TO DO ::
Your copy runs from the line containing "Chic Women's Pointed-Toe" through the last line of the listing, both included. Restate those lines word for word and leave out pictures.
---*---
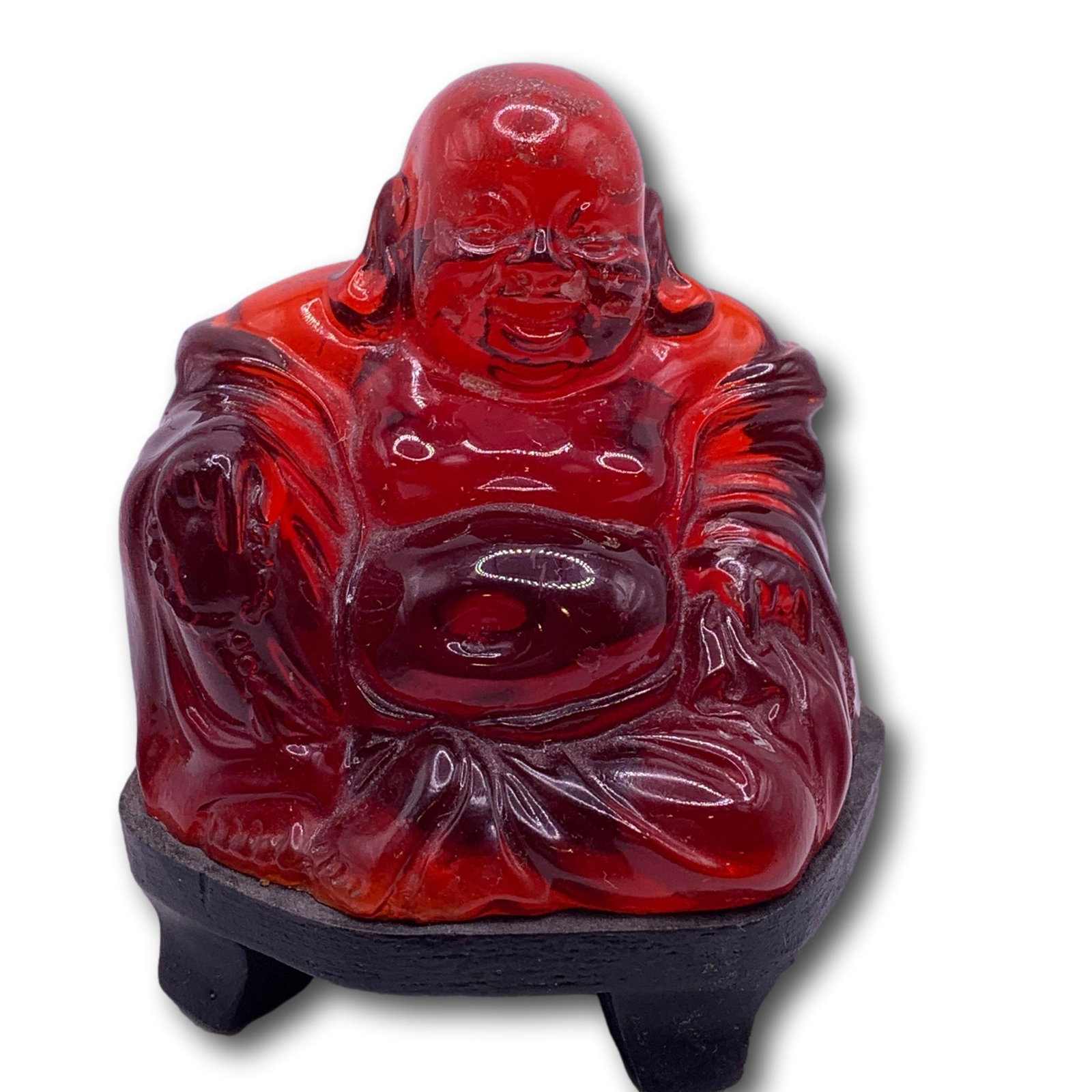 Cherry Amber Colored Resin Carved Chinese Buddah Figurine (1 of 3)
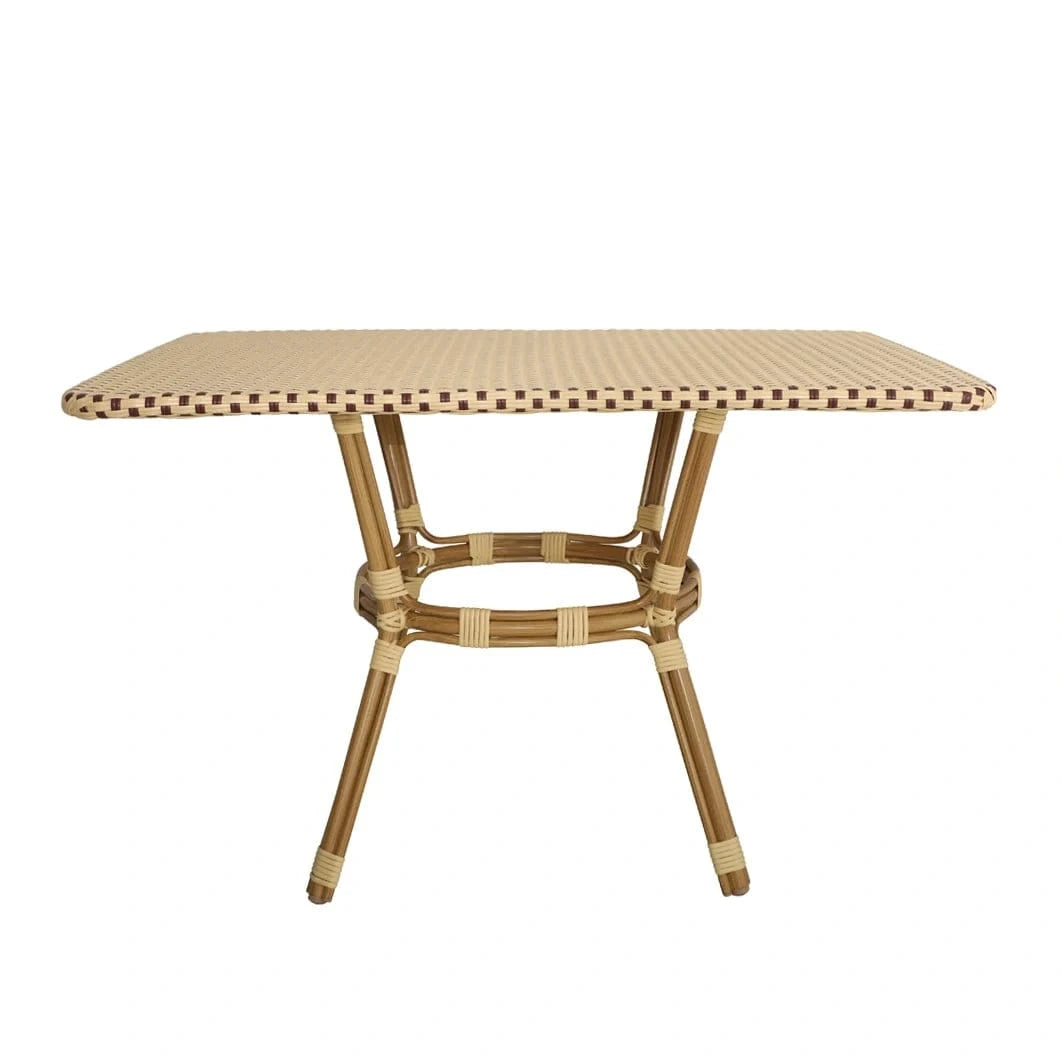 Outdoor Bistro Table 48" x 36" PE Rattan Glass Top – Beige & Maroon, Patio, Image 4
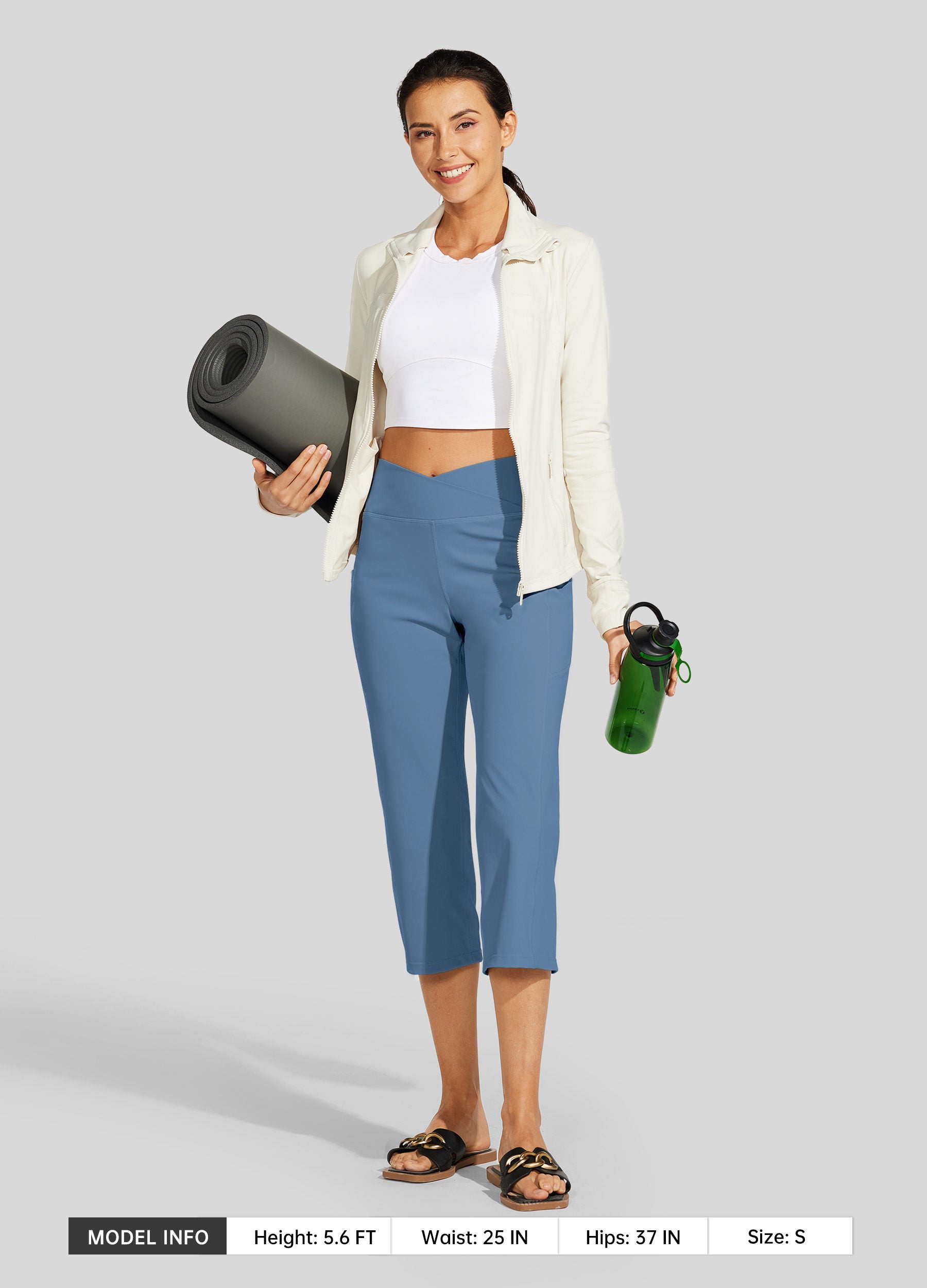 Womens Crossover Yoga Capris stone blue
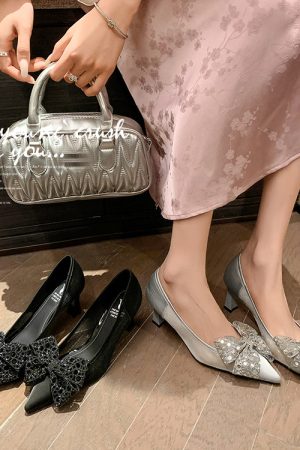 Chic Women's Pointed-Toe Bow Detail High Heels - Versatile French Fashion Style Shallow Mouth Shoes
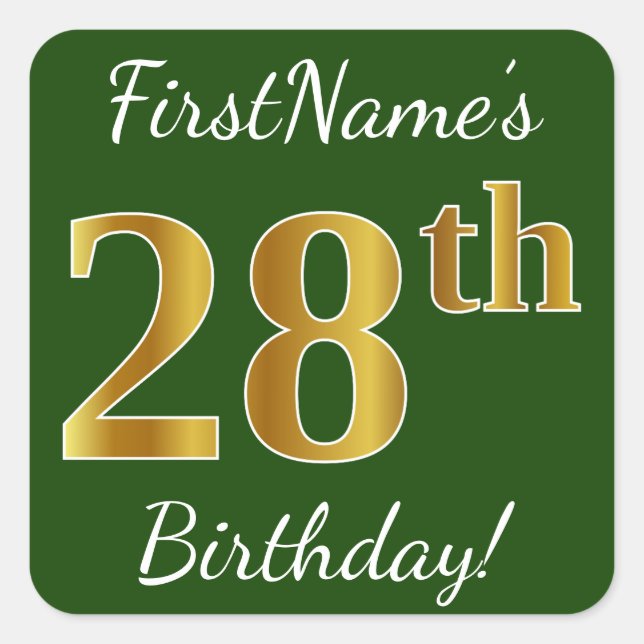 Sticker Carré Vert, Faux Gold 28e anniversaire + Nom personnalis (Devant)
---*---
EXERCISE RESULT ::
 Chic Women's Pointed-Toe Bow Detail High Heels - Versatile French Fashion Style Shallow Mouth Shoes
 Sticker Carré Vert, Faux Gold 28e anniversaire + Nom personnalis (Devant)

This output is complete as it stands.